Your goal: Please set down exactly the lines of the listing below from the line containing "Hi, this is" through the line containing "The problem is", both lines included, leaving out all other lines.

↓↓↓

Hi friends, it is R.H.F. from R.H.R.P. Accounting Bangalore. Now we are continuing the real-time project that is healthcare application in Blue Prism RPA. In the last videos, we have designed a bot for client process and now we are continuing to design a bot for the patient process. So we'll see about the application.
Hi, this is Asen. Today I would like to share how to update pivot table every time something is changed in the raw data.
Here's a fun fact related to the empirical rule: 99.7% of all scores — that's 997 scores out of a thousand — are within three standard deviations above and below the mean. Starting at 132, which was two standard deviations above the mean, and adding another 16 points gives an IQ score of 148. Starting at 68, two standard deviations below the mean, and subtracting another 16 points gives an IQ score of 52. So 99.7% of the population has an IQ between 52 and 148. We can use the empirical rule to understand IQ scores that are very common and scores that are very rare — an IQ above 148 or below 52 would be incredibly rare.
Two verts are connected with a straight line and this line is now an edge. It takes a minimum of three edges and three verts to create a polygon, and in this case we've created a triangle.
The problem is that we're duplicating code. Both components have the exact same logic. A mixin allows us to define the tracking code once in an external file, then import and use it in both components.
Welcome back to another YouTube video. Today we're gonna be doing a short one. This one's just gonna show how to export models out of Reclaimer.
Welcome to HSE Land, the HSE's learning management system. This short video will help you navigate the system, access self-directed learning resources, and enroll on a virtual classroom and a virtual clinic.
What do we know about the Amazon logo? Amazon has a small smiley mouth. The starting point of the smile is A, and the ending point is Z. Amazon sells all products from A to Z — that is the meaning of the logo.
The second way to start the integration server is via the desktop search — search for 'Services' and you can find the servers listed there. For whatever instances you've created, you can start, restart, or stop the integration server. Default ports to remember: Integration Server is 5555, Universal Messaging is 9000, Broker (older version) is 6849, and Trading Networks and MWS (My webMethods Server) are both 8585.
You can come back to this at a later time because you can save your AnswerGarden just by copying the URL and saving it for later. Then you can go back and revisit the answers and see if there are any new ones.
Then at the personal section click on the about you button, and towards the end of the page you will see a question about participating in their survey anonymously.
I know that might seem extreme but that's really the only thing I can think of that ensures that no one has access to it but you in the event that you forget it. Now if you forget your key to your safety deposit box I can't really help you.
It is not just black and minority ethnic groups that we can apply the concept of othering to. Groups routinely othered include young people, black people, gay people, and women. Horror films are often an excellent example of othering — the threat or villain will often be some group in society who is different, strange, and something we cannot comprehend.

↑↑↑

Task solution:
Hi, this is Asen. Today I would like to share how to update pivot table every time something is changed in the raw data.
Here's a fun fact related to the empirical rule: 99.7% of all scores — that's 997 scores out of a thousand — are within three standard deviations above and below the mean. Starting at 132, which was two standard deviations above the mean, and adding another 16 points gives an IQ score of 148. Starting at 68, two standard deviations below the mean, and subtracting another 16 points gives an IQ score of 52. So 99.7% of the population has an IQ between 52 and 148. We can use the empirical rule to understand IQ scores that are very common and scores that are very rare — an IQ above 148 or below 52 would be incredibly rare.
Two verts are connected with a straight line and this line is now an edge. It takes a minimum of three edges and three verts to create a polygon, and in this case we've created a triangle.
The problem is that we're duplicating code. Both components have the exact same logic. A mixin allows us to define the tracking code once in an external file, then import and use it in both components.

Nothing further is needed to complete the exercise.